Generating your own QR isn't a risk — the QR you create for your website, WiFi or vCard isn't malicious. The risk is in other people's QRs you scan.
That said, when generating your own QRs, two things matter:
- That your generator doesn't exfiltrate the data you enter (especially important if you encode WiFi passwords, personal data in vCards or payment information). Use generators that work 100% in the browser and don't require an account.
- That the QR points to a domain you control. Avoid intermediate shorteners when possible: any compromise of the shortener turns your QRs into weapons for third parties.
QRcito generates QRs entirely in your browser and uses no redirection. The QR destination is exactly what you type.
Bottom line
Quishing is traditional phishing in new wrapping: the QR code. The favourite attack vector is a manipulated sticker in places where people expect to scan without thinking.
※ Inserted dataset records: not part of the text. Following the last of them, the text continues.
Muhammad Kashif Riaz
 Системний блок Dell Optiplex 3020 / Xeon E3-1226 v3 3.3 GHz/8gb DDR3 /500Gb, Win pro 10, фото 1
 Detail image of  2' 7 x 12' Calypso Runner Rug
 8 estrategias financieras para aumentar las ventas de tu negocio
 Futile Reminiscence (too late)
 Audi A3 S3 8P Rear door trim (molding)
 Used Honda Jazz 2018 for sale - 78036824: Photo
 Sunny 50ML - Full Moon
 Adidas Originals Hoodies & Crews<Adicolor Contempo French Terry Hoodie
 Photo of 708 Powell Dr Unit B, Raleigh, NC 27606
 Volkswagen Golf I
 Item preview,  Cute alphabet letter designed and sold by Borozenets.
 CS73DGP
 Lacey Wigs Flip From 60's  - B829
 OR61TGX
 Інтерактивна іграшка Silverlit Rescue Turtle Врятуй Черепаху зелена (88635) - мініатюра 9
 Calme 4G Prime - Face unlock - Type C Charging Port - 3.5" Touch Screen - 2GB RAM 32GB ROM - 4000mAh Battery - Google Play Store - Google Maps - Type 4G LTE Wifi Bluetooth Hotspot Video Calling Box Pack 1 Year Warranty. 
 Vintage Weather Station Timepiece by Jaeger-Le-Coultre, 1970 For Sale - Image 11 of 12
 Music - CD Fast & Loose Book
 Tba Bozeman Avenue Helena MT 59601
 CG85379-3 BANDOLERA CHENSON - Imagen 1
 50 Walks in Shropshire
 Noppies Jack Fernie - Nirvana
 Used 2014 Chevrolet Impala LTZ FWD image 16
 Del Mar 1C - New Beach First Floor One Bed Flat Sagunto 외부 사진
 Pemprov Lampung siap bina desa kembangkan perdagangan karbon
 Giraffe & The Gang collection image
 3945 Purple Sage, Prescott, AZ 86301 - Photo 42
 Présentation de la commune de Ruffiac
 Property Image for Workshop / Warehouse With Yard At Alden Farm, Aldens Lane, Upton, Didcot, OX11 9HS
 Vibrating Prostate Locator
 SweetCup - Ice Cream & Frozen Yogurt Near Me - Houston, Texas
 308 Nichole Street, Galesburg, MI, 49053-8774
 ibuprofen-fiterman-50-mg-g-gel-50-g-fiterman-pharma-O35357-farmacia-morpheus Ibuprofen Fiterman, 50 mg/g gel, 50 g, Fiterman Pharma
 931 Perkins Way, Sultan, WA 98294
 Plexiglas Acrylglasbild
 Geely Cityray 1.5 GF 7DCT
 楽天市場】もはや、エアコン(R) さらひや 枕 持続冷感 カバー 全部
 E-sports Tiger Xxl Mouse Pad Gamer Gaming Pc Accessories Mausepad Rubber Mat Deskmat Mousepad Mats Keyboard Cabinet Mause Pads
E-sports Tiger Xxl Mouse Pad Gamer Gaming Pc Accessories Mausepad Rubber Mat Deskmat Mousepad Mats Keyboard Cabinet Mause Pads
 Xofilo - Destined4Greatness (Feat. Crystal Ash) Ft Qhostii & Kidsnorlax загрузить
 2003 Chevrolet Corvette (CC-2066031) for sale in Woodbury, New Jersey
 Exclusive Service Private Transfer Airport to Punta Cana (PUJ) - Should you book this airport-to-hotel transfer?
The defence is reading the URL before opening it, distrusting suspicious stickers, and not entering credentials on sites reached through unverified QRs.
For your own QRs, make sure to generate them in tools that don't send your data to a server and don't introduce redirects you don't control.
FAQ
Is quishing the same as phishing? Almost. Quishing is phishing where the bait is a QR instead of a link or email. The fraudulent part still happens on a malicious website.
Can a QR code install a virus just by scanning it? Not directly. The QR contains no executable code, just data (usually a URL). The damage happens in what comes next: if the URL leads you to download a malicious app or a fraudulent site, that's where the risk lives.
Is it safe to scan a QR in a restaurant or on an official sign? Usually yes, but check there are no stickers placed over the original. If the URL the phone shows looks strange or uses a shortener, don't open it.
Does an antivirus help against quishing? Some paid QR readers have filters against malicious domains. Most native cameras don't, but they do show the URL before opening it. That URL is your first line of defence.
How do I know if the site a QR took me to is official? Look at the main domain in the browser bar, check the HTTPS certificate, and compare with the official website by searching Google yourself. If it doesn't match exactly, don't enter data.